Un discorso diverso in Toscana, per chi crede, in questa nostra madreterra, in questa fugace vita, in qualcosa di diverso

venerdì 13 settembre 2013

Prendiamoci ciò che è giusto

Solo all'università può capitare una cosa dolce e amara come quella che il brillante professor Luciano Bozzo ha sottolineato oggi, in uno dei migliori panel del XXVII convegno della Società Italiana di Scienza Politica, quello su Intelligence e Globalizzazione : il caso italiano, presieduto dal professor Umberto Gori, con la partecipazione, fra gli altri, del senatore Marco Minniti, sottosegretario nel governo italiano con delega sui servizi.
Ebbene, ci ha provocato Luciano Bozzo, ecco oggi riuniti un gruppo di professori e professionisti ormai nei loro cinquanta, ad interloquire con brillanti giovani ancora nei loro venti.
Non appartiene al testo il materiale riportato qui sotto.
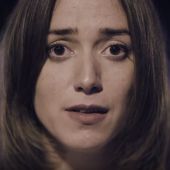 Imagen del vídeo Help Catalonia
Cosa si scopre? Che questi ultimi condividono ancora, dopo trent'anni, la stessa voglia di riscatto, le stesse speranze di riforma e, praticamente, le stesse proposte di cambiamento che i loro ormai maturi maestri chiedono a gran voce sin dai primi anni ottanta.
Dalla ormai mitica commissione Bozzi a una maggiore capacità competitiva italiana sulla scena di un mondo che sta cambiando - in meglio, come sostengo nella mia tesi di dottorato difesa il 12 luglio 2013 a Pisa - siamo ancora lì che chiediamo cambiamenti di buon senso, riforme liberali capaci di portare maggiore eguaglianza per tutti e, insieme, più opportunità per i migliori.
Non arrendiamoci quindi.
Non siamo ancora così vecchi, ne' avevamo poi così torto.
Prendiamoci ciò che è giusto!
Realizziamo le riforme civili, liberali, federali, per le quali lottiamo da trent'anni!

* * *

Al panel di Umberto Gori hanno portato contributi brillanti il prefetto Gianluca Ansalone, il prefetto Adriano Soi, il consigliere Fabio Rugge.
Un complimento particolare lo merita il paper sul cyberspace come arena digitale di dispersione ma anche concentrazione del potere, presentato dall'amico Marco Mayer e dai due giovani e bravi Niccolò De Scalzi e Iacopo Chiarugi.
Ci hanno parlato che il cyberspazio è il terreno di una nuova geopolitica, molto meno virtuale di quello che comunemente si pensa: dove sono i server? Chi li costruisce? Quale energia li alimenta? Quali infrastrutture li interconnettono?
I cittadini digitali, se vogliono essere liberi sovrani del nuovo infinito mondo virtuale, devono pretendere il controllo di territori e risorse molto reali, locali, limitate, se non addirittura scarse.
Ne parlerò e li citerò, nella mia book proposal per la pubblicazione della mia tesi Disintegration as Hope.